Plummeting Valuations Kick Up Fraud Allegations
There’s a significant upswing of commercial mortgage fraud according to a Wall Street Journal report. Federal prosecutors are chasing down cases of borrowers who illegally manipulate financials and property valuations.
That’s creating concerns across the ecosystem, with lenders and investors likely sources of the bigger worries. Fraudsters, cheaters, and cons aren’t a new invention. They exist in every industry and undertaking, usually represent a small portion of activity, and can be planned for.
Real danger comes when regular market participants are hot to close deals when things are busy and then conditions change. Falling valuations and transactions coupled with higher interest rates and a CRE mortgage maturity wave put many into risky and uncomfortable situations. As Warren Buffett has famously said, when the tide goes out you can see who was swimming naked.
A few years ago, pandemic-era easy monetary policy meant to rescue the economy pumped enormous amounts of liquidity into all sorts of markets. Commercial real estate was one of them. Capital poured in, valuations jumped, and many investors and funds new to CRE began bidding up prices. Interest rates were low, available leverage was high, and there were profit incentives to seek high valuations with the chance of pulling out capital for profit or other investments.
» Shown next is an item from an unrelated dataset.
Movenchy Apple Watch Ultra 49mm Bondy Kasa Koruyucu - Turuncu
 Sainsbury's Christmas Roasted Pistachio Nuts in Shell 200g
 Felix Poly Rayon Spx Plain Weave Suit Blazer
The fall in valuations is significant. When the value of a property drops precipitously from an earlier valuation, the differential affects the ability to sell with a profit or to refinance a property.
In CRE, such moves can be remarkably easy, given how the industry works. According to the Journal, it’s the hands-off process of determining property valuations.
“As long as the numbers look in line with those of similar properties, lenders usually trust that they are accurate, brokers say,” they wrote. “Auditing books is expensive and time-consuming, and lenders competing for deals may be reluctant to antagonize landlords with onerous due diligence.”
Due diligence also takes time. In a competitive landscape, lenders often want to move quickly to close deals when they’re available. When things slow down, like the last two years, and conditions change, the corner-cutting eventually rises to visibility.
That’s become obvious. Banks of all sizes, are getting hurt by the percentage and quality of assets tied up in CRE. That even includes the largest ones. S&P Global Market Intelligence analyzed Q1 regulatory findings. They found that while giant banks had lower percentages of CRE loans in total, but those had higher percentages of loans that were either delinquent or nonaccrual.
This is why lenders want to know what is happening in their portfolios. Which loans will be safe, which could be headed for problems, which can be given the extend-and-pretend treatment, and which ones should be referred to legal authorities.